The collaboration between moCa and Cincinnati’s Contemporary Arts Center suffered a blow when Christina Vassallo left Cincinnati for a new position back in Philadelphia. Nonetheless, moCa Executive Director Megan Lykins Reich says she “look[s] forward to exploring future opportunities with the new leadership [there] when the timing is right.” She also notes that “co-production allows us to share resources, expand access, and amplify awareness of exceptional artists and institutions.”
But moCa and AAWR are far from the only potential agents of such networking in Cleveland. The city is rich in this kind of capacity: capable institutions with interests that fit peer-to-peer collaboration well. In addition to those already named, Cleveland has a well-developed range of discipline-specific institutions like Zygote Press, the Morgan Conservatory, the Cleveland Print Room, and Praxis, which might find willing partners in other cities. Additional, capable contemporary art organizations include SPACES and the Sculpture Center. It has the Cleveland Institute of Art, and Kent State University’s enormous art department just a bit to the south.
It is easy to argue that Cleveland makes an ideal hub for this vision. That far-from-exhaustive list of assets is Exhibit A. Besides its world-famous headline institutions, Cleveland has a deep bench of nonprofit art organizations that benefit from its historically generous philanthropic community. Most cities don’t have as much of that.

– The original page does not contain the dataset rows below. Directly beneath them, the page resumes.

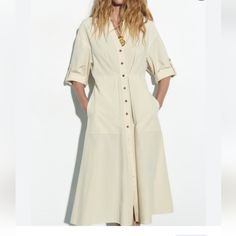 Midi Dress With Folded Elbow-Leght Sleeves. V-Neckline A-Line Silhouette Skirt With Side Pockets, Pleading Detail, Front Button Closure 100% Cotton Pit To Pit 21" Length 51" Zara V-neck Shirt Dress For Work, Collared Beige Midi Dress For Office, Office Wear Beige V-neck Midi Dress, Beige V-neck Midi Dress For Office, Office Beige V-neck Midi Dress, Elegant Beige Button-up Midi Dress, Zara V-neck Midi Dress For Office, Summer Cream Shirt Dress For Work, Cream Collared Dress For Work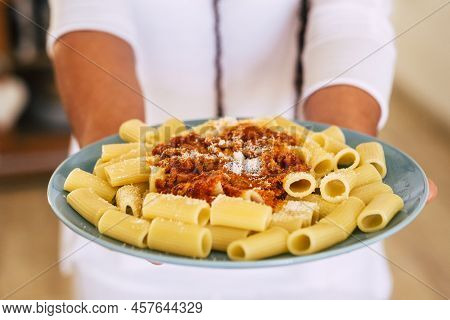 Close Up Of Fresh And Tasty Italian Pasta Food With Bolognese Ragu Sauce - Unrecognizable Man Defocu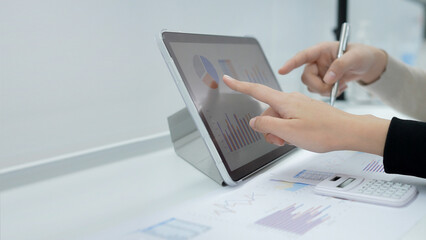 close up businesswoman hand point on dashboard screen tablet device for ask and consulting with businessman partner for kpi and investment concept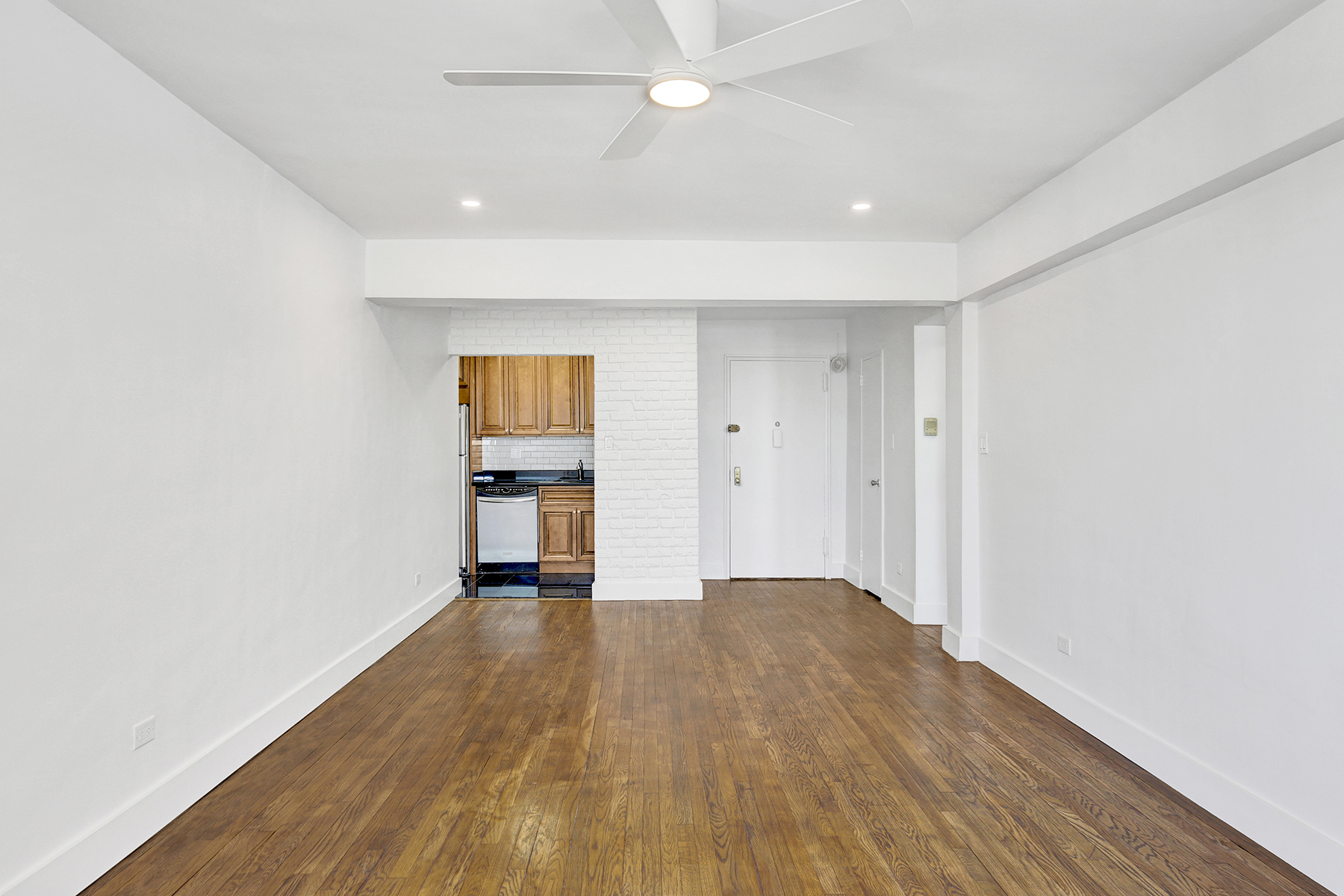 125 Beach 124th Street, Unit 5K Queens, NY 11694 - Photo 10 of 21 an empty room with wooden floor and windows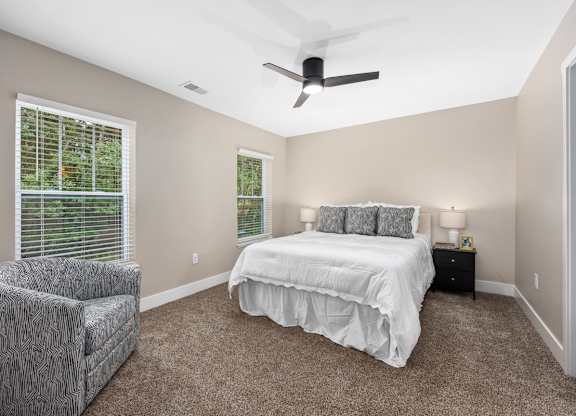 A bedroom with a bed, chair, and ceiling fan.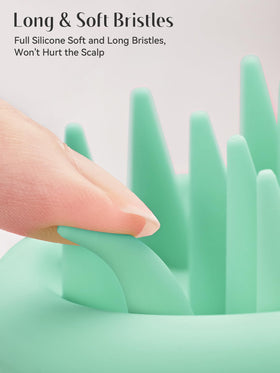 HEETA Silicone Scalp Massager showing ergonomic design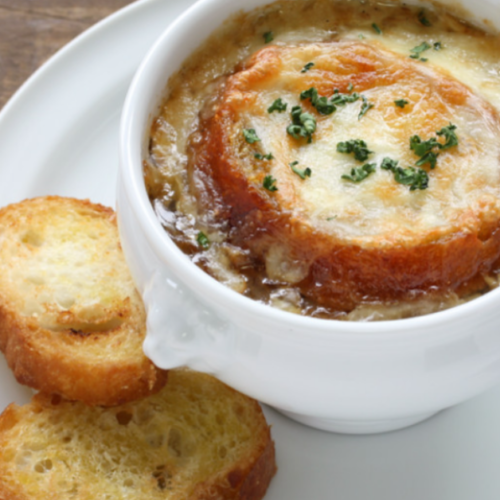 A warm, comforting bowl of French onion soup topped with melted Gruyère cheese, a crispy slice of toasted baguette, and garnished with fresh thyme, served in an oven-safe crock.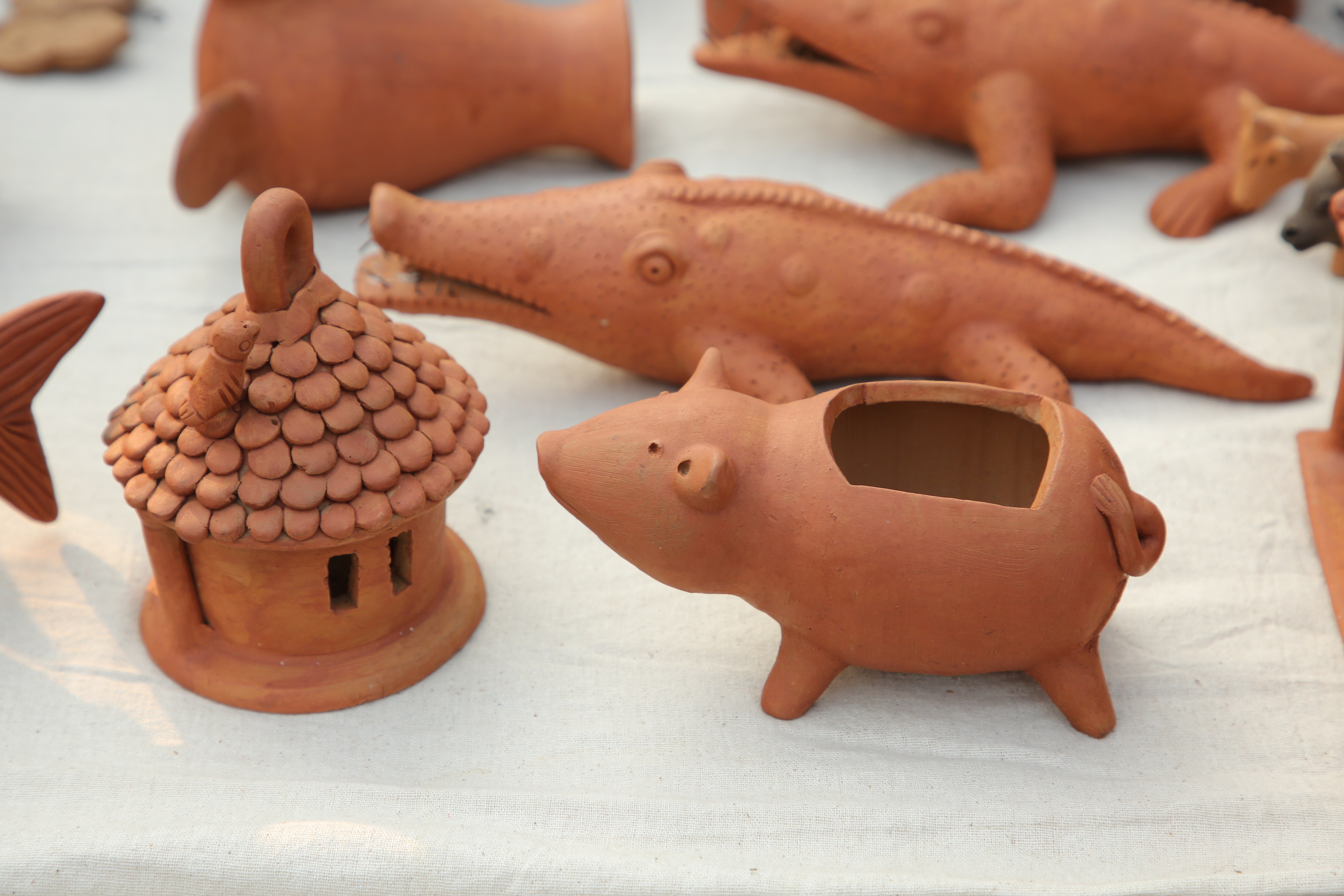 Terracotta holders and toys are quite a cute takeaway from this bazaar. (Photo: Manoj Verma/HT)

In addition, there is geography. Cleveland is in the center of that group of cities. Move to the west or south, and population centers significantly spread out. Move to the east, and the outsized coastal cities threaten with their hegemony.
Finally, there’s this: the Cleveland Museum of Art owns and operates Transformer Station, which through its history has been dedicated to contemporary art. In 2025 and 2026, it’s specifically been contemporary art of the region. Partners in programming have included the Cleveland Institute of Art, FRONT Triennial, and the Cleveland Print Room. In July, the Museum will open Lake Affect—its own regionally-focused show there, juried by a panel of the museum’s own curators, drawing on artists from the same seven-county geographic footprint as the older and much-vaunted May Show. Like the May Show of decades past did, the validation that comes with a nod from curators of the major museum—and presentation on its walls—is a significant boost to the region’s artists. It does, however, remain regional, and without significant promotion or other engagement is unlikely to inspire much interest beyond the seven counties it draws from. Intercity collaborations could do more than that.
The Museum has not yet articulated an ongoing vision for Transformer Station, and has not commented publicly on this vision. But could intentional programming there via contemporary, inter-city partnering organizations make Cleveland a hub for the Middle Art Powers of the Great Lakes?
As Canadian PM Carney said, “this is the task of the middle powers, the countries that have the most to lose from a world of fortresses and the most to gain from genuine co-operation.”